Tag Archives: Novelists

A Great Story Depends on Great Timing

Clock faceIn a previous article I discussed the importance of syncing your hero’s outer journey to his inner journey – to his character arc. Today I want to say a bit more about the nature of that syncing.

It’s important to emphasise that your hero should not act beyond his state of moral and practical wisdom – his performance at the level of the outer journey has to reflect his knowledge at the level of the inner journey.

But why, then, if the hero keeps learning from the outer journey’s knocks, if the hero keeps improving, does he keep failing to attain the goal, until the end of the story?

The answer is to be found in the precise nature of the syncing, which is to say that the lesson learnt is always one step behind the evolving challenges posed by the outer journey. Hence, the knowledge the hero brings to a new confrontation is less than required to gain the goal and defeat the antagonist at that moment.

It is only towards the end of the journey that the hero is able to integrate the wisdom gained from the series of hard knocks, dig deep inside and produce a superlative response which defeats the antagonist and gains the goal.

In my best selling novel, Scarab, for example, the protagonist, Jack Wheeler, fails to outwit the villain and protect the woman he loves until he realises that he must sacrifice what he wants (to win Emma’s love) in order to gain what he needs (to save Emma’s life). It is a realisation that takes most of the story to achieve.

Summary

The lessons learnt by the hero lag behind the evolving challenges of the outer journey and the wisdom needed to defeat the villain and gain the goal until the end of the story.

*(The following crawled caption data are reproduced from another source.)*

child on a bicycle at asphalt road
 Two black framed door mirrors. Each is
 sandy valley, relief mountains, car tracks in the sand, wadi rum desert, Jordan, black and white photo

Why the Outer and Inner Stories Must Cross

Powerlines

Crossing Lines:

In his book, Save the Cat, Blake Snyder offers us this piece of invaluable advice: “Keep in mind the only reason for storytelling and why [story] A [outer] and [story] B [inner] must cross throughout: It’s to show the true reason for the journey is not getting the tangible goal, but learning the spiritual lesson that can only be found through the B Story!”

This is what the tale is really about: learning the spiritual lesson that allows the hero to overcome the obstacles life and the antagonist throw his way.

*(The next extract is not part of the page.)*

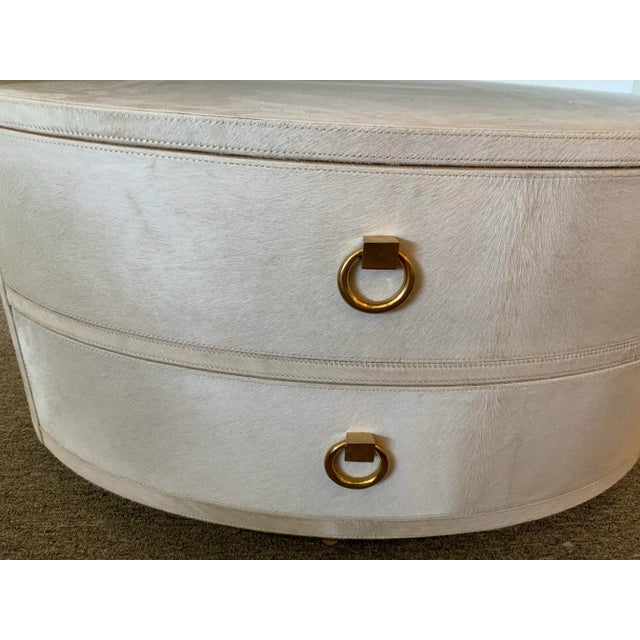 Elevate your space with our stunning white cowhide side table, featuring a gold door knocker-style knobs. This elegant...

At the inciting incident, the hero is given a wake-up call. A ripple runs through his ordinary world. His first response is usually incorrect. In Edge of Tomorrow, Tom Cruise is told he is to go to the war-front to film the allied invasion. His response is to try and blackmail the General in order to force him to reverse his decision. Not a good call.

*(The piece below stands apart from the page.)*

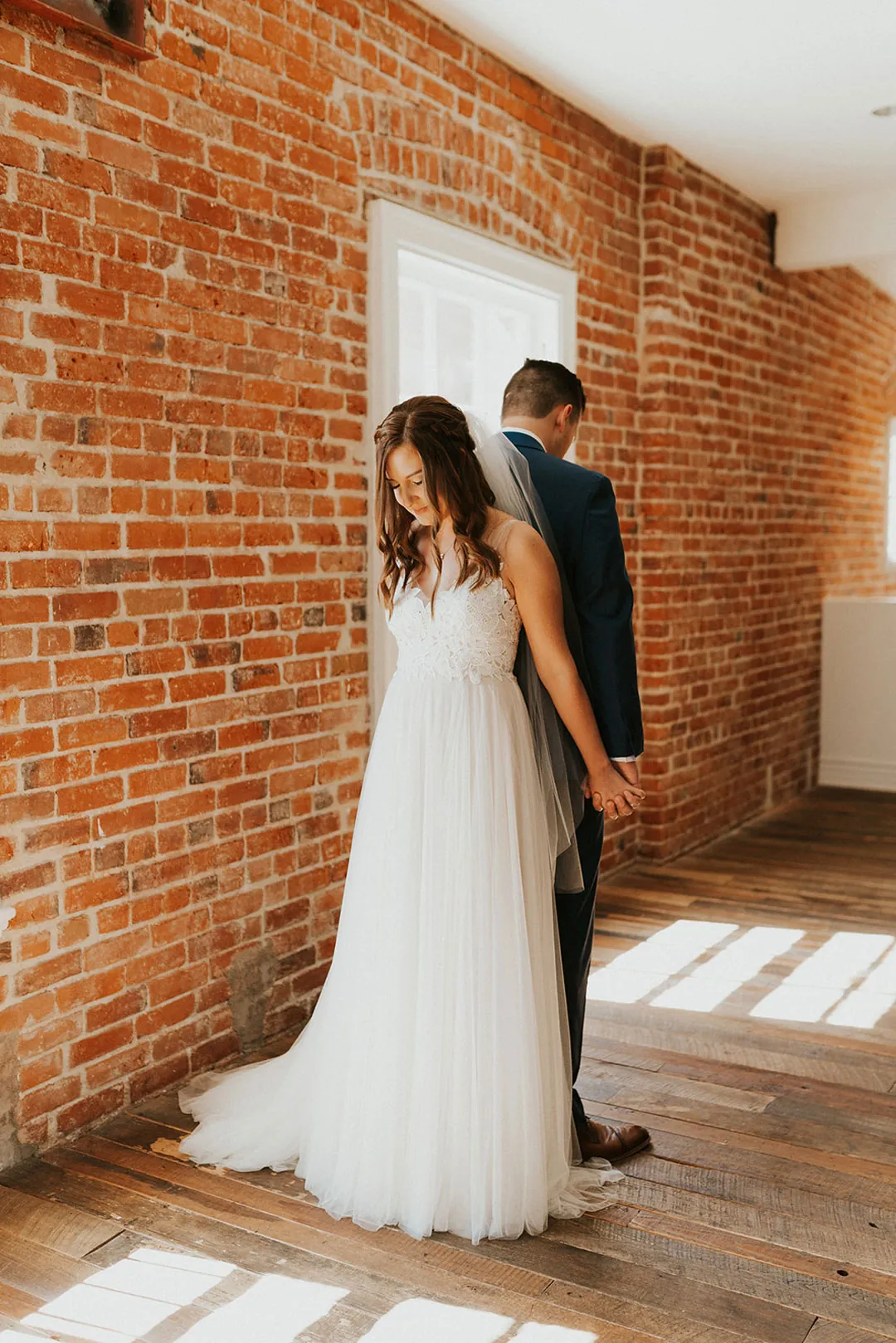 Couple stand back to back beside a brick wall.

The first turning point represents the true start of the story. It also sets the outer goal. Tom Cruise is killed, but gets covered by the blue blood of the Alpha Mimic, which causes him to return to relive the day. His response upon finding himself back at square one, however, is to try and talk the Master Sergeant into letting him call his superiors. Lesson still not learnt.

By the midpoint, Cruise finally realises why he keeps returning to the same event, over and over again. He has to team up with the Angel of Verdun and defeat the Mimics by killing their leader, the Omega. Our reluctant protagonist has gone from unwilling participant to motivated Hero. Here, the outer and inner journeys fuse into a single and clear purpose—a plan to save the world from the invading Mimics—even if it means sacrificing oneself to do it. Over and over again.

By the second and final turning point, his recurring efforts are in danger of stalling—a blood transfusion will rob him of his ability to return and relive the day, just as it did the Angel of Verdun’s. And while he is at first reluctant to sacrifice her to this possible permanent-death scenario, he realises that he has no choice but to risk it, if he is to have any hope of defeating the Mimics. This represents a step up in spiritual growth and is a perfect illustration of the two journeys intersecting once more.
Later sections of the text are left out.